"You work for a large organization and many of your departments have access to the AWS console. The company has been using AWS for a number of years, and user permissions have been managed with different designs during that time. You have already reviewed the IAM accounts and policies and deleted any accounts that are no longer required, but your CTO still suspects that many of the users have greater access than they need for their role, with many users having the ability to launch EC2 instances and change Security Group settings at any time, which is against the company Security Policy. What measures can you suggest?
(1)Implement event based security using Lambda and CloudWatch Events to alert when a user performs an action which is against company policy and sends an SNS notification
(2)Implement event based security using GuardDuty and CloudWatch Events which alerts when a user performs an action which is against company policy and sends an SNS notification
(3)Implement event based security using CloudWatch Logs and CloudWatch Events which alerts when a user performs an action which is against company policy and sends an SNS notification
(4)Implement event based security using CloudTrail and CloudWatch Events which alerts when a user performs an action which is against company policy and sends an SNS notification
3 Answers
Lambda is used to run scripts on an event triggered from CloudTrail or CloudWatch. It doesn’t trigger events to send to SNS.
Option 4 is more specific than the option 1. The CloudWatch event rule functions as an an event listener, you need to specify the event source and type of event that you want the CloudWatch event rule to monitor.

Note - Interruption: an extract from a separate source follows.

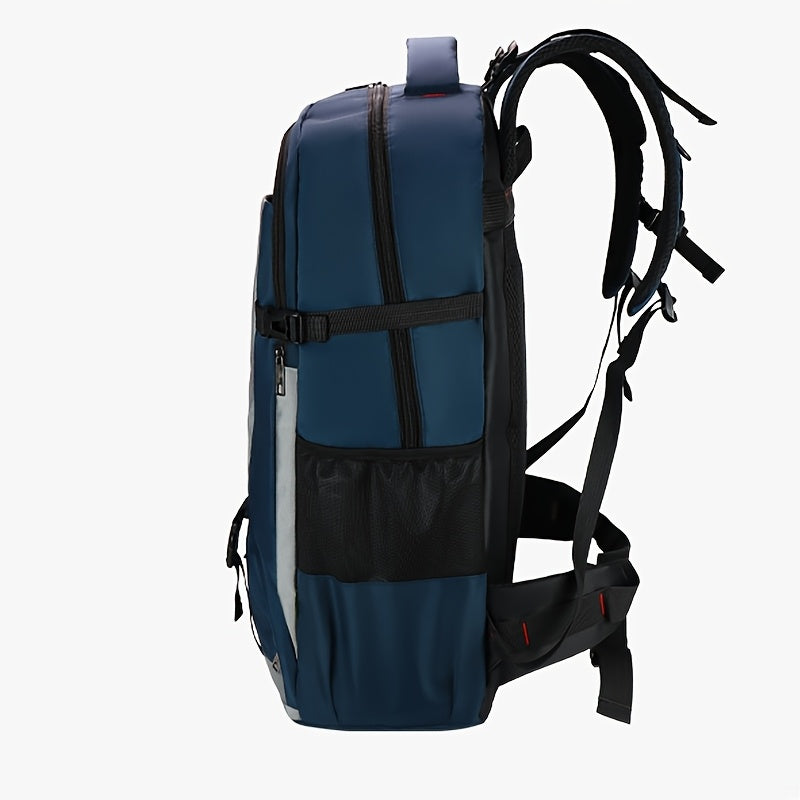 80L Men's Cycling Backpack - Large Capacity, Navy Blue & Gray, Nylon Sports Travel Bag with Laptop Sleeve, Shoe Compartment, Adjustable Straps, and Multiple Pockets for Outdoor Adventures, Adventure Gear|Organized Storage|Durable Nylon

CloudTrail monitors API calls and is used for auditing purposes. It records information which includes the user, resources (e.g. EC2 instance, S3 bucket, DynamoDB table, etc.), the actions performed and the parameters, along with the success status. This information is used to track changes made to your AWS resources and to troubleshoot operational issues. CloudTrail usually delivers log information within 15 minutes and makes it easier to ensure compliance with internal policies and regulatory standards.
CloudWatch Events provides near a real-time stream of actions to your AWS environment and can respond accordingly by triggering functions, making modifications and tracking state information.
Both CloudTrail and CloudWatch Events should be used as CloudWatch Events does not capture all the information recorded by CloudTrail.
A Lambda function can be used to publish messages to SNS topics which will produce SNS notifications. However, Lambda does not provide the auditing capability of CloudTrail.
CloudTrail details: https://aws.amazon.com/cloudtrail/faqs/
CloudWatch Events information: https://docs.aws.amazon.com/AmazonCloudWatch/latest/events/WhatIsCloudWatchEvents.html
Further reading for SNS and Lambda: https://docs.aws.amazon.com/sns/latest/dg/sns-lambda-as-subscriber.html
Thank you all
Thanks to Jennifer for the very thorough explanation!